IT budgets in the global retail banking industry will reach $131bn (£86.5bn) in 2015, in a rise of more than 4% year-on-year according to the research firm Ovum.
The investment comes off the back of an improved economic outlook as the world recovers from the financial crisis, with the industry now set to focus on growth rather than reducing costs and remaining compliant.
Kieran Hines, practice lead of financial services technology at Ovum, said: "Many markets are witnessing their second or third wave of mobile and online banking platforms, with driving revenue becoming the prime priority.
"In the next round of major platform developments though, it will be the use of data analytics in real-time that will act as the key differentiator."
Ovum predicts that mobile banking will see the largest increase in investment, with total spending forecast to reach $4.2bn (£2.8bn) in a rise of 7.3%.
However spending on online banking will reach $10.8bn (£7.1bn) and multichannel integration will reach $7.3bn (£4.8bn) this year as companies seek to adapt to changing customer habits.

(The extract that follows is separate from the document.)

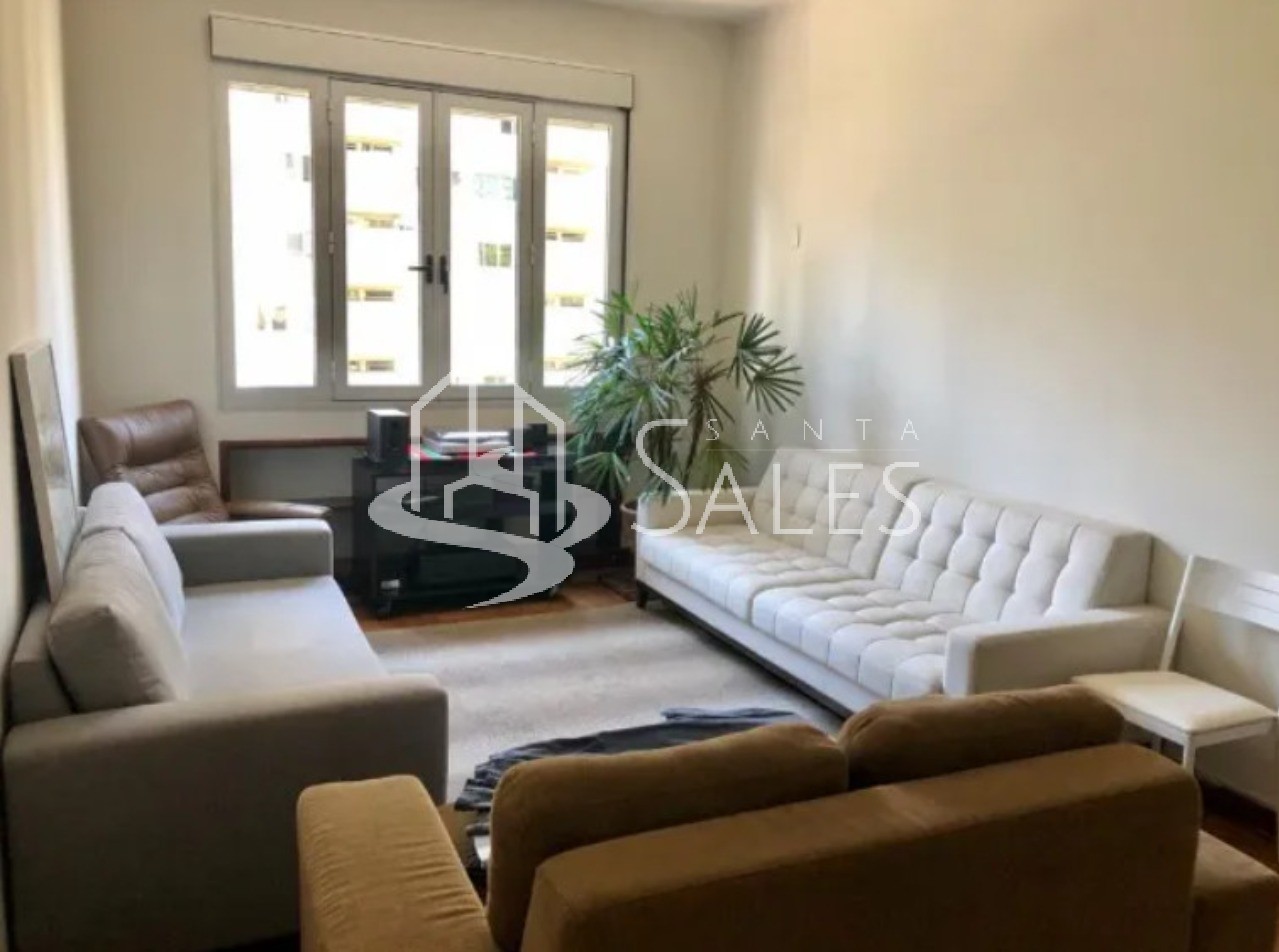 Apartamento, 2 quartos, 115 m² - Foto 1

"In the rush that will undoubtedly occur to deliver front-office innovation to drive growth, banks must resist the temptation of short-term developments for quick revenue wins," Hines said.
"Customer expectations will evolve and banks must ensure back-office agility is retained, meaning it’s able to deliver future innovations."
Though IT spending in retail banking will be led by Europe and North America, growth is predicted to be quickest in Asia, the Middle East and Africa, with the rise of Indian and Chinese banking thought to be influencing the change.